• About this exercise: Begin at the line containing "Let's tackle the" in the records below, end at the line containing "As you can see, this", and retype each line in that span exactly. No other line and no image should appear.

• Provided records:
────────
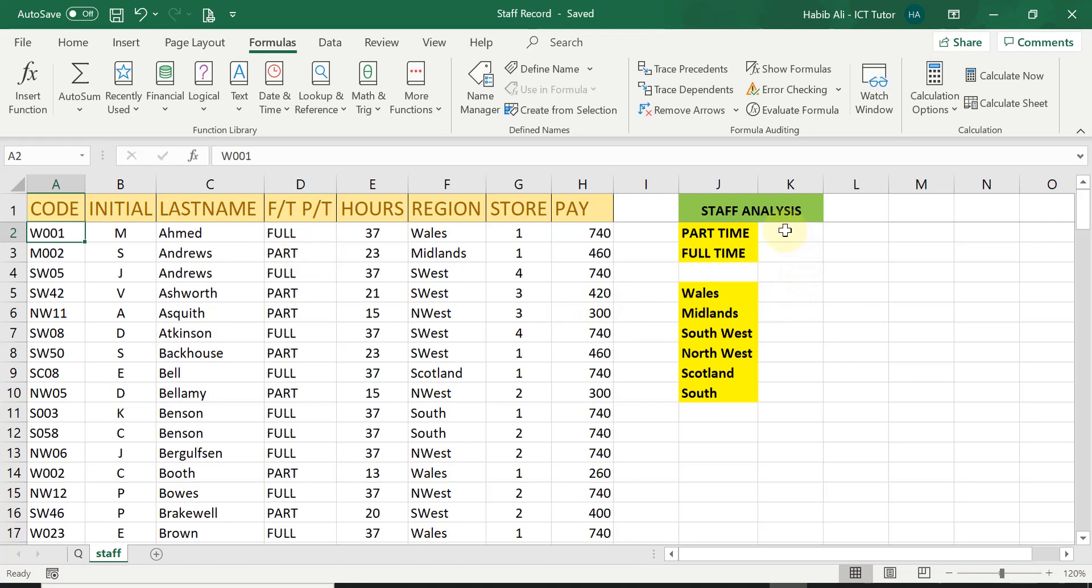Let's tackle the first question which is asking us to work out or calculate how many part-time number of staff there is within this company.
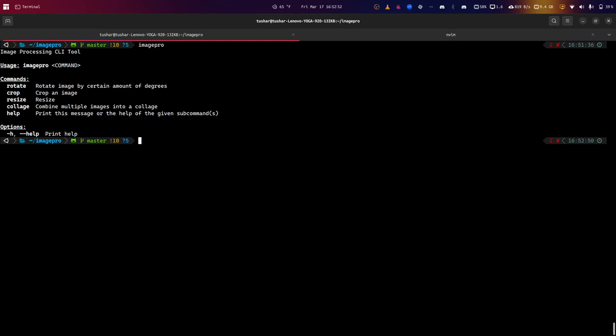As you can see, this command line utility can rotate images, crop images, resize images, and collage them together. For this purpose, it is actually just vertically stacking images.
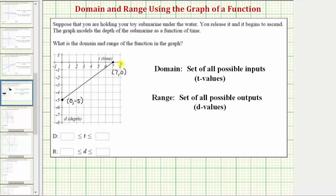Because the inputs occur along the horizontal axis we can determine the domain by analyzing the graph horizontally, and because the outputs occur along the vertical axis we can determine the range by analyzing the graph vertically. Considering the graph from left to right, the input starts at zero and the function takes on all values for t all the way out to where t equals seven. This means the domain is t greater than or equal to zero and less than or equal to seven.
────────
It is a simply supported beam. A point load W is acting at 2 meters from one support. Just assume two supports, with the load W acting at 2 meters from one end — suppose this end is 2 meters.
────────
• Solution for this task:
Let's tackle the first question which is asking us to work out or calculate how many part-time number of staff there is within this company.
As you can see, this command line utility can rotate images, crop images, resize images, and collage them together. For this purpose, it is actually just vertically stacking images.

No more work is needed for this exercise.